It’s a pleasure to talk to you. Andrew Black is a very strange character. Hopefully I’m not too much like him, although you’re right – we both spent a long time not publishing a second novel called Maxwell’s Demon, so maybe I’d kidding myself on that front.

Why do I do interviews? Well, I suppose it’s because the things I write are important to me. They feel like children, in an odd sort of way, and I want to do everything I can to help them find their way in the world. It’s also really good to be able to talk to other people about something huge that’s been in your head for so long. To have the book out of my head and in the world feels wonderful.      

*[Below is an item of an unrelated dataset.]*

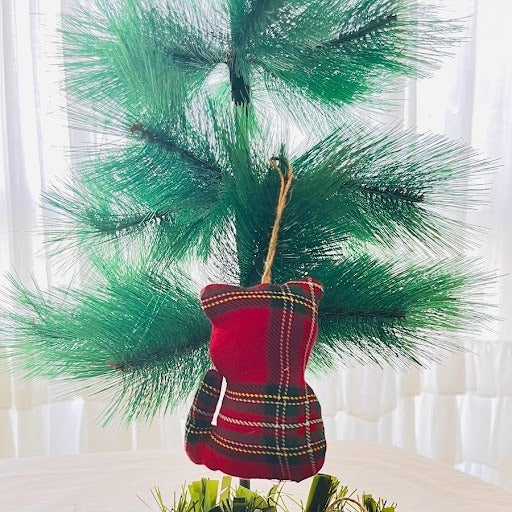 Red plaid Christmas ornaments hanging from a green wreath on a white background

I’ll try to avoid that terrible habit again when I ask you about the time between The Raw Shark Texts, your bestseller debut novel, and Maxwell’s Demon, your second. In those thirteen years you’ve written for television and video games. Firstly, have those other forms inflected how you’ve written this novel?

Yes, I think so. I’m always looking for different forms to explore, and what I learn in one brings new things to all of the others. Novels are the most challenging form for me though. I’m a fast scriptwriter but a slow novelist. There are a lot ideas and explorations in Maxwell’s Demon. Religious, scientific, existential, structural – exploring the mechanics of narrative and language. But at the same time, it’s crucial to me that a novel is also dramatic, exciting, moving, emotionally resonant – all that good, vitally important human stuff. So, it’s a lot. Writing a book is a lot. At least, it is the way I seem to write them.  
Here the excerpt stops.